Could you write out, exactly as they stand, only the lines in the listing below from the line with "Canvas Shoulder Bag" to the line with "New Balance キッズ スニーカー イエロー　ニューバランス", both ends included, without the pictures?

# [DATA FOR REVIEW]
::::::::::
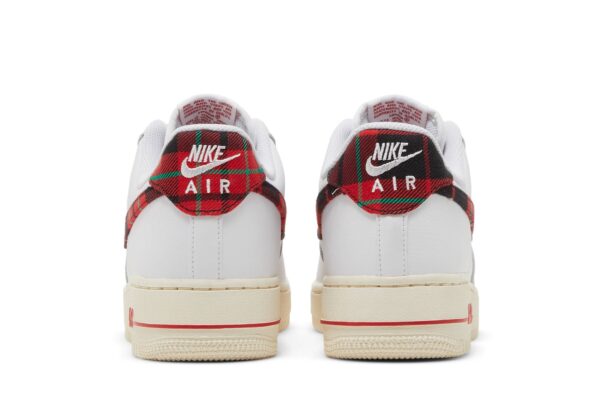 Nike Air Force 1 Low '07 LV8 Tartan Plaid White University Red DV0789-100 - Arviolet photo 6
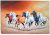 Graceful Seven Running Horses Handpainted Canvas Painting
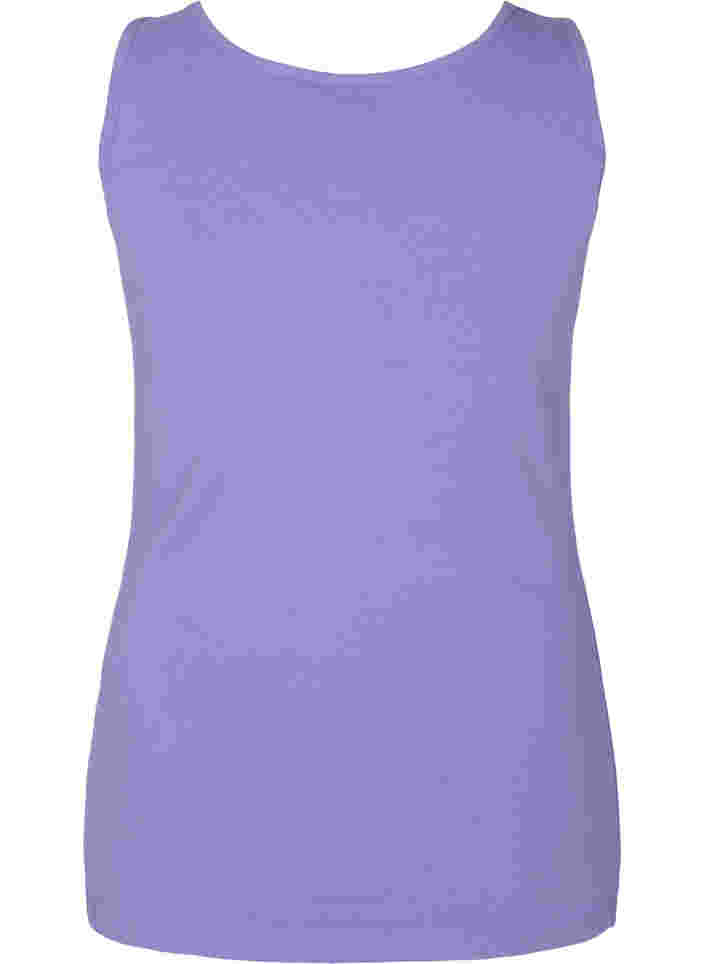 Einfarbiges basic Top aus Baumwolle, Veronica, Packshot image number 1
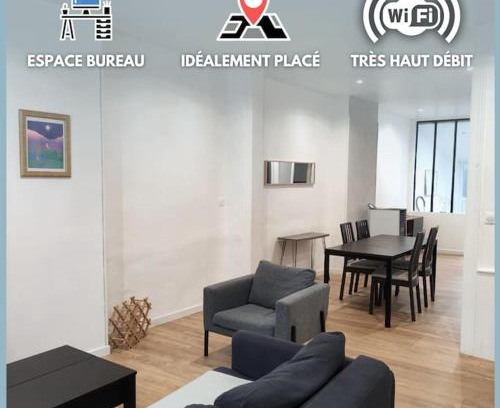 Douai Apartment | ღ Delfosse - 3 chambres, extérieur et Wifi Fibre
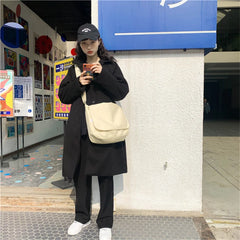 Canvas Shoulder Bag for Teenage Girls School Bookbag Crossbody Travel Bag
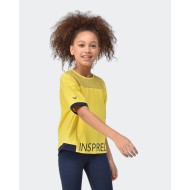 PULL  BILCEE FILLETTE  JAUNE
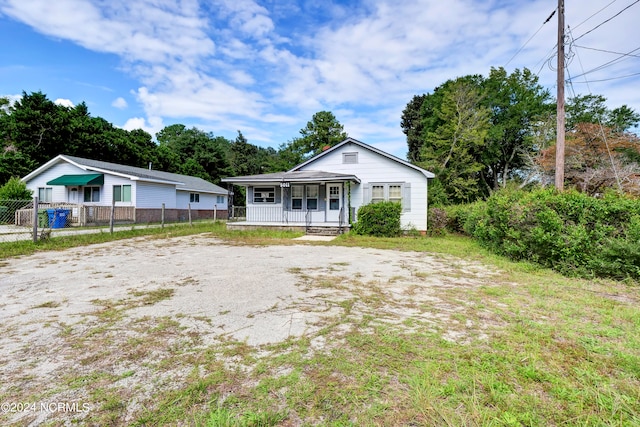 view of front of home with a porch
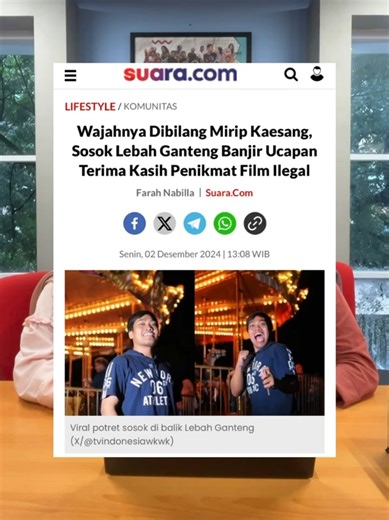 Siapa yang familiar sama translator film lebah ganteng? pasti yang jaman covid sering nonton film tahu sih🤭 Kalo kata netizen sih lebah ganteng katanya mirip Kaesang. Menurut Sahabat mirip ga nih? #KaryaSuaraKita #lebahganteng #kaesang #lifestyle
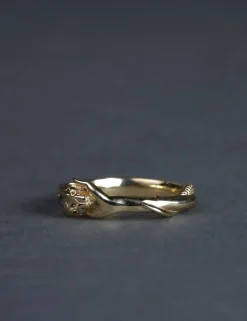 Digby & Iona Bejeweled Resting Nagini Ring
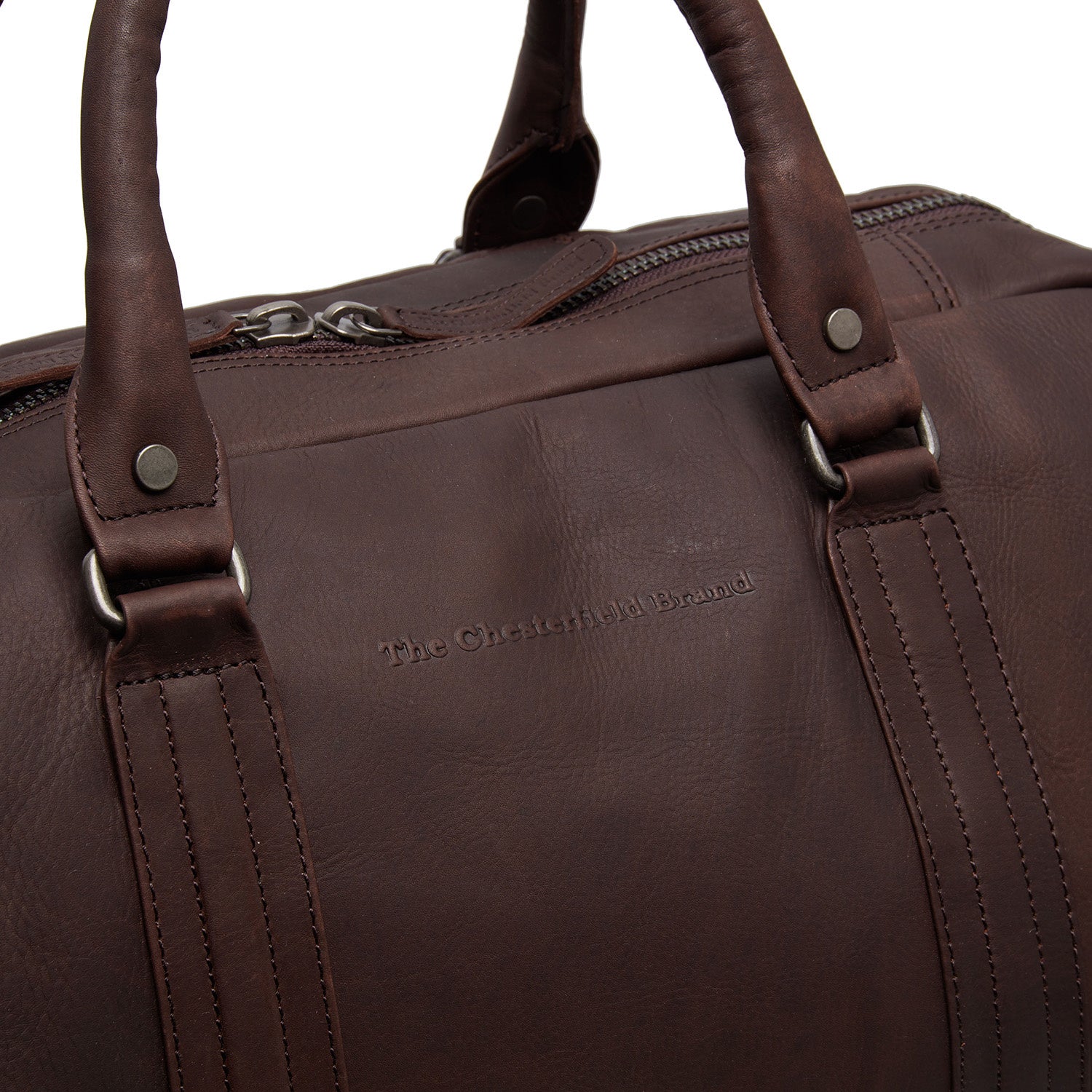 Leather Weekender Brown Perth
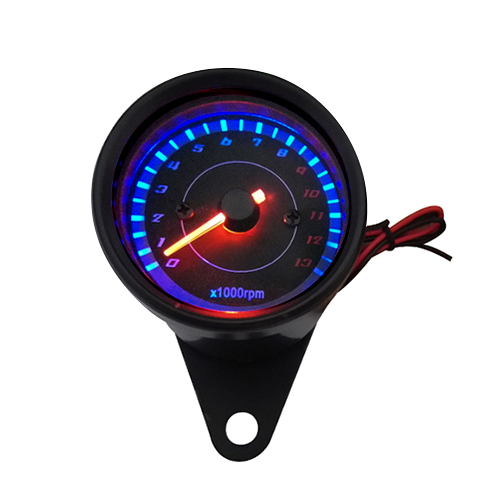 配線タコメーター φ65 電気式 ブラック - バイク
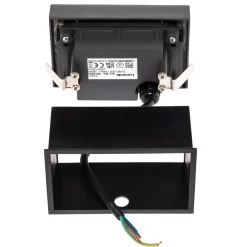 3 W LED-vegglampe Mitja, IP65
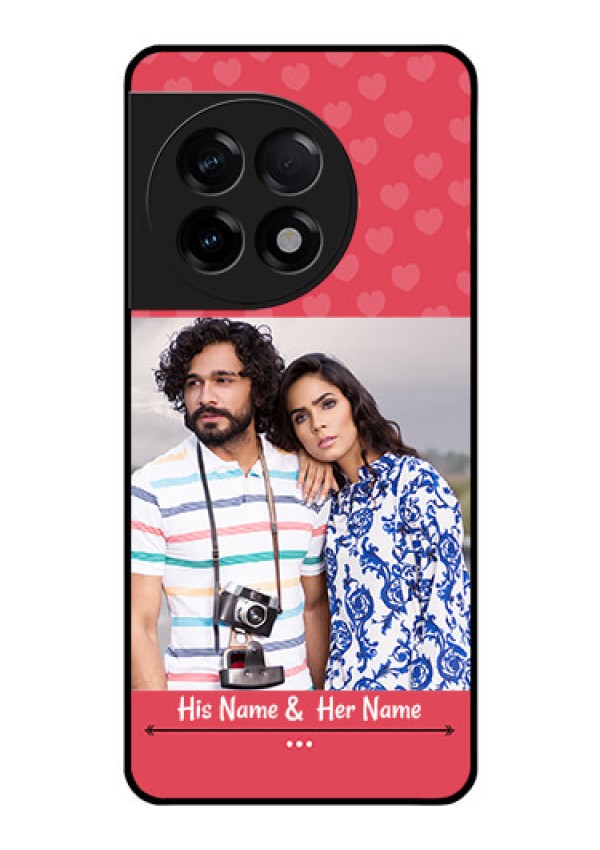 OnePlus 11R 5G Photo Printing on Glass Case - Simple Love Design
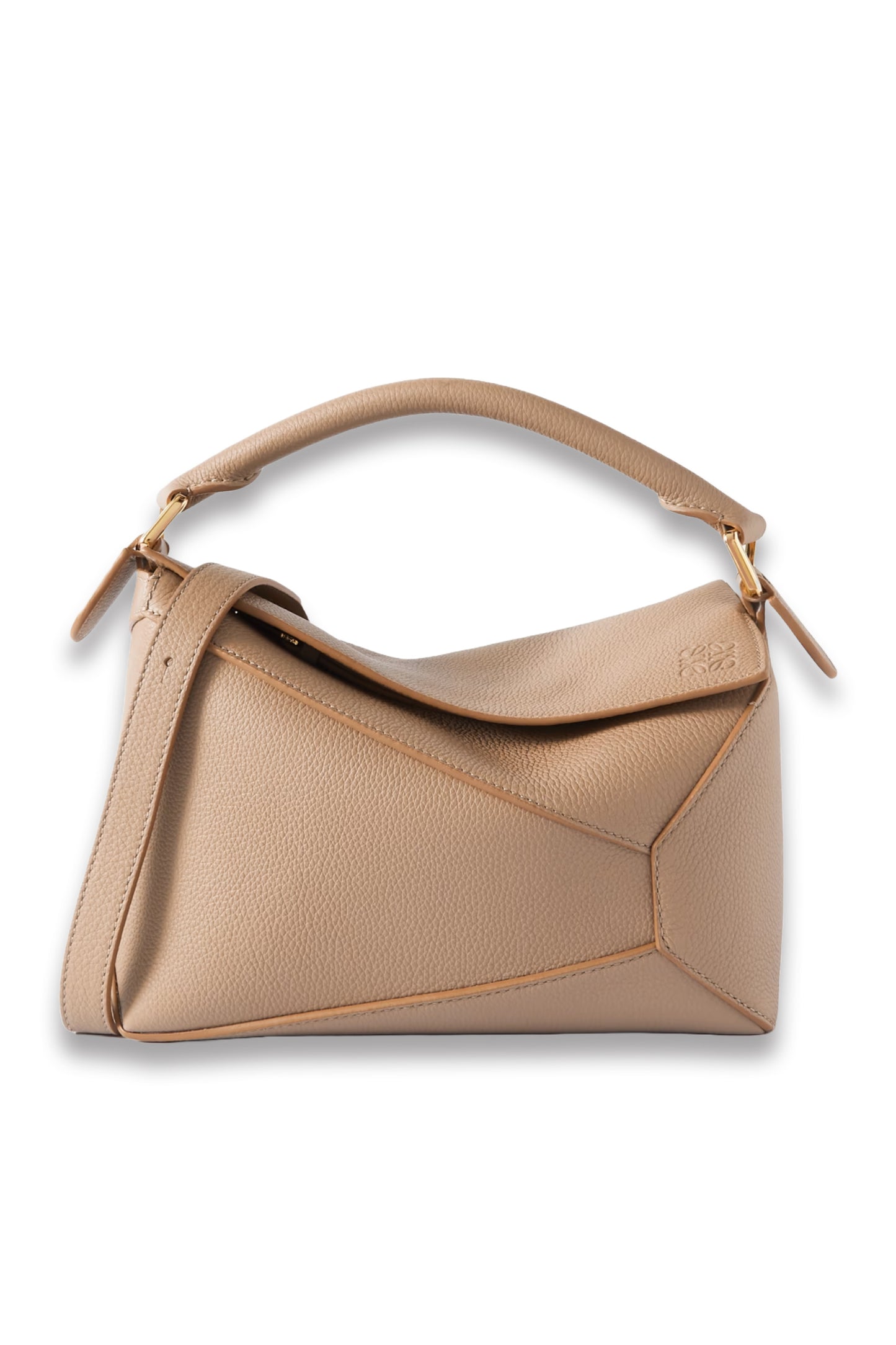 Puzzle Edge Small Textured-Leather Shoulder Bag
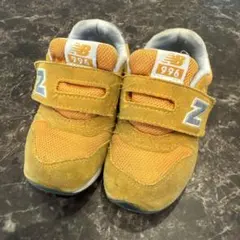 New Balance キッズ スニーカー イエロー　ニューバランス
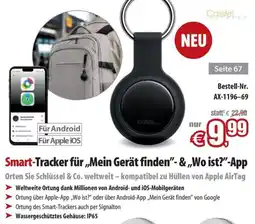 Pearl Callstel Smart-Tracker für,,Mein Gerät finden"- &,,Wo ist?"-App Angebot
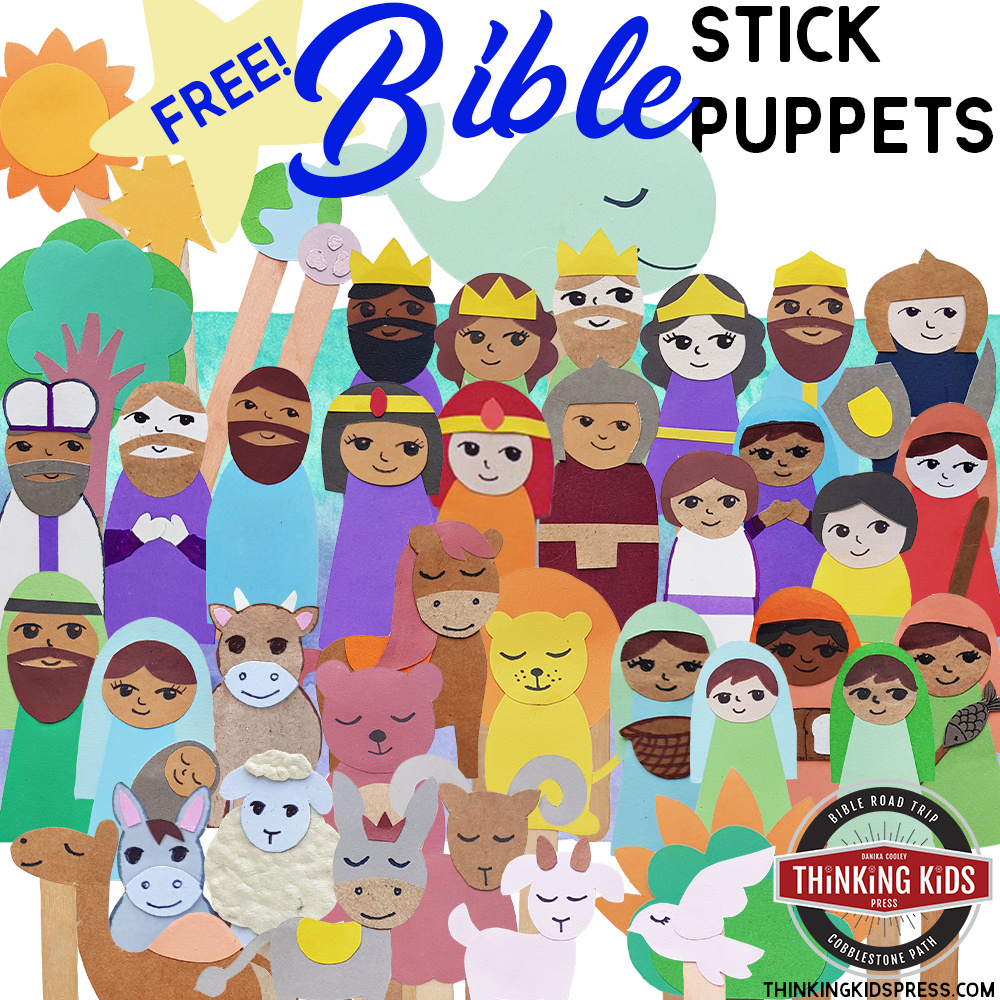 Free Printable Bible Stick Puppets - Thinking Kids pertaining to Free Printable Bible Stick Puppets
::::::::::
# [SOLUTION FOR THIS PROBLEM]
 Canvas Shoulder Bag for Teenage Girls School Bookbag Crossbody Travel Bag
 PULL  BILCEE FILLETTE  JAUNE
 view of front of home with a porch
 Siapa yang familiar sama translator film lebah ganteng? pasti yang jaman covid sering nonton film tahu sih🤭 Kalo kata netizen sih lebah ganteng katanya mirip Kaesang. Menurut Sahabat mirip ga nih? #KaryaSuaraKita #lebahganteng #kaesang #lifestyle
 Digby & Iona Bejeweled Resting Nagini Ring
 Leather Weekender Brown Perth
 配線タコメーター φ65 電気式 ブラック - バイク
 3 W LED-vegglampe Mitja, IP65
 OnePlus 11R 5G Photo Printing on Glass Case - Simple Love Design
 Puzzle Edge Small Textured-Leather Shoulder Bag
 New Balance キッズ スニーカー イエロー　ニューバランス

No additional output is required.